On Demand is available at various private companies.

Here is one. I'm testing these designs. They're good for test runs, trying out new color designs quickly, etc.



  • Fast, no BS
  • Clean
  • They charge pretty much cost to make the shirts and have great styles


  • Expensive in Bulk
  • models definitely don't necessarily match the spirit of SudoRoom, but they're not offensive. i think women at sudoroom have body fat.
  • It could be argued that Zazzle is not exactly high on chrisbee's personal DIY scale, but since he doesn't have a job or any money he'll just shut up now.
Test run on Zazzle

SilkScreen t-shirts

There are many people in the community with SilkScreen shops. We can speak to Rock Paper Scissors collective down the street.

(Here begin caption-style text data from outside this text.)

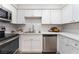 Modern kitchen featuring stainless steel appliances, white cabinets, and a view of the dining area at 3151 Soaring Gulls Dr # 1021, Las Vegas, NV 89128
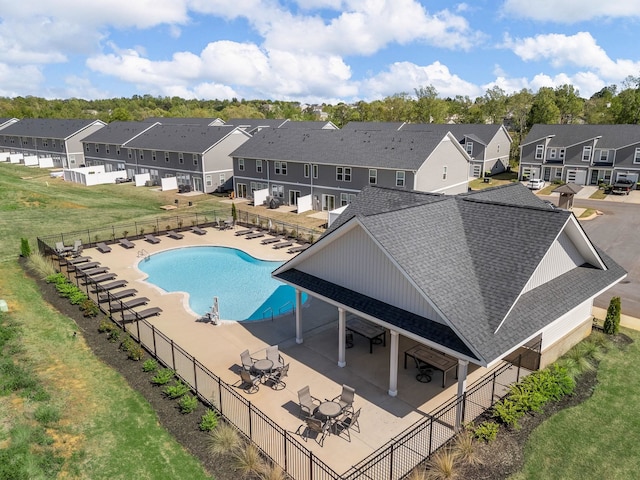pool featuring a residential view, a patio, and fence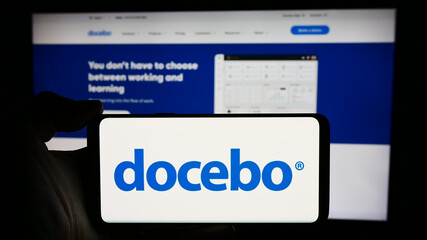Naklejka premium Stuttgart, Germany - 04-17-2024: Person holding cellphone with logo of Canadian learning software company Docebo Inc. in front of business webpage. Focus on phone display.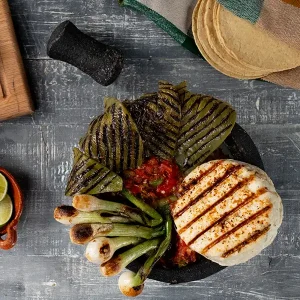 Molcajete filled with grilled nopales, green onions, cheese, and salsa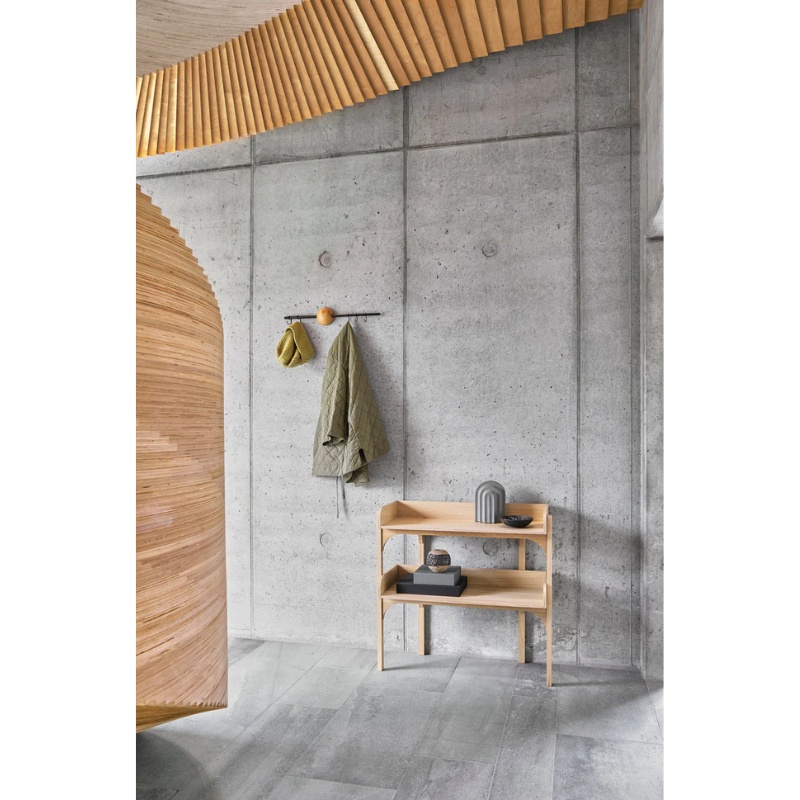 The Utility Shelf from Woud in Oak within a hallway with other Woud products.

  • Messy, especially when Plastisol (commercial grade screenprinting ink for textiles) is involved.
  • Plastisol needs to be heat set in an industrial dryer at 320° F. Putting your shirt in the oven usually results in a crispy golden brown effect better suited for pie crusts but not quite as tasty (or wearable).
  • Design will require a lot of consensus which will take a long time
  • I'm not sure what the learning curve vis a vis DIY screenmaking (not printing, but burning the image onto the screen) at sudo would look like, but "somewhat steep for non-hackers, damn near impossible for anyone when it's busy or crowded" sounds about right.